Last updated on Thursday 14th of July 2022 08:38:17 AM

©VMWare ©ESXi memory constraints and workarounds

How to deal with the ©VMWare Hypervisor when managing very big repos and sets of data

(*) Branch 1.5.2 of ©XSIBackup includes automatic management of memory for edge cases (VMs over 6-8 TB). This post is an overview of memory as a resource when using ©XSIBackup in such edge cases and can also serve as a document on how to manage memory pools manually with older versions of ©XSIBackup.

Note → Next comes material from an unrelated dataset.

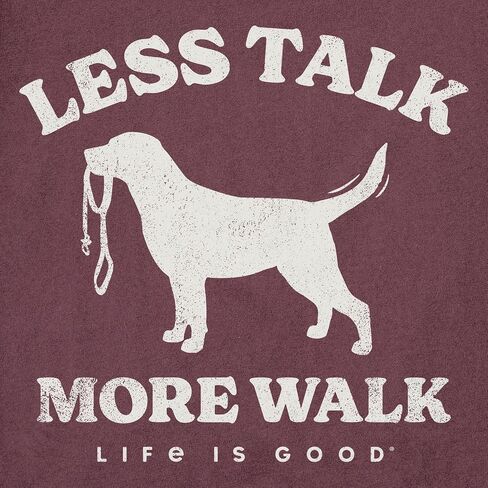 الحياة جيدة. تي شيرت رجالي بأكمام قصيرة من Les Talk More Walk in Kuwait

Let's start by saying that you can't asume ©ESXi will behave like any other Linux OS just because it resembles one. There are many things that are quite different. One of them is how memory is managed.

ACME DDR5 memory module

©ESXi organizes memory in isolated pools, our guess is that this is a good way to increase the stability of the hypervisor, as some process out of control will less likely affect others, or at least it won't eat all the available memory up. The default configured memory size for binaries running in the shell is 800MB, which is a rather generous amount of memory.

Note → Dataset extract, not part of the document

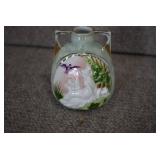 VTG Woman with Cherubs Handled Vase | 4.25" x 3.5"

When you use a tool such as ©XSIBackup (a command line utility) with very big VMs, you need to also consider the whole scenario in which you are working, let's call it to have a bigger picture than just the arguments you are using.

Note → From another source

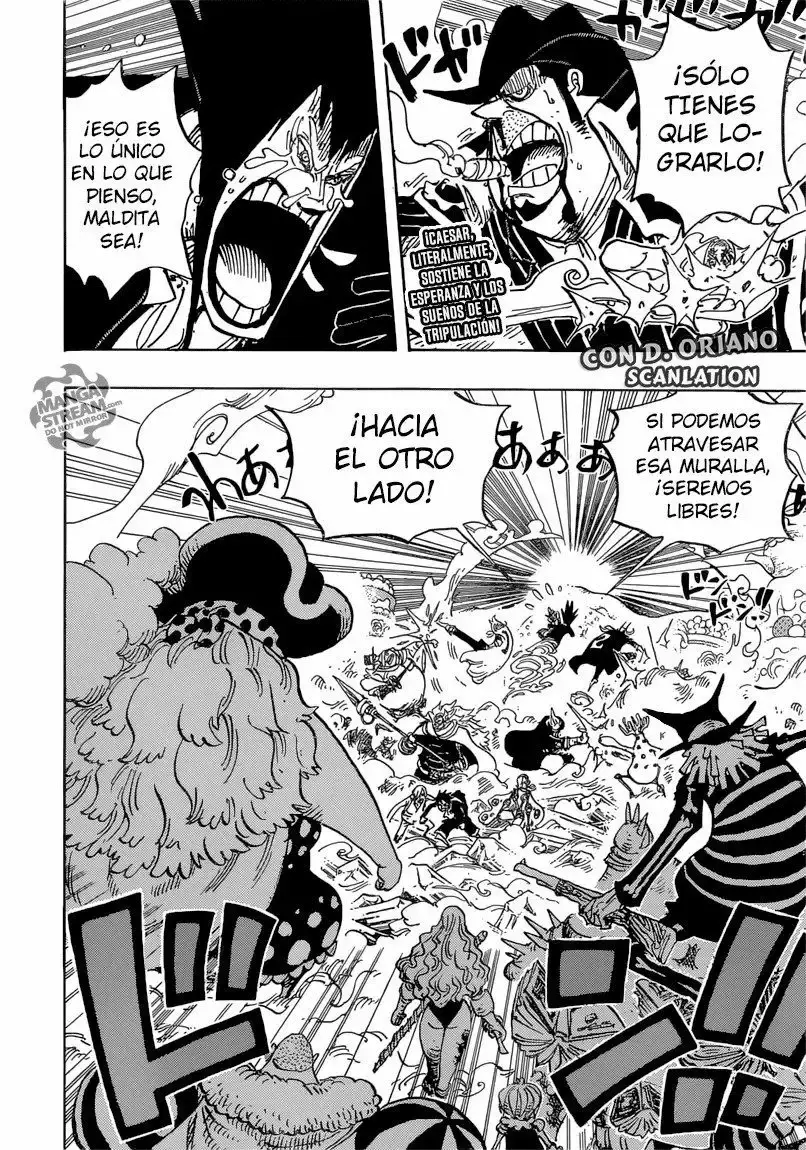 One Piece Capitulo 871: ¡Vamos, Caesar! página 3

That includes many aspects related to what you are doing: considering async vs sync NFS, choosing an adequate FS (look no further, XFS is your best option for backups), taking on account the network latency and how it will affect throughput and memory usage, etc...

If you have some relatively small set of VMs (<2TB) and you plan to keep some replicas or backups with some tenths of restore points, you won't even need to read this post or delve into how you are using your resources. Still, if your data set is big (>4TB) and you are planning to keep many restore points and prune your repos, then you should keep on reading.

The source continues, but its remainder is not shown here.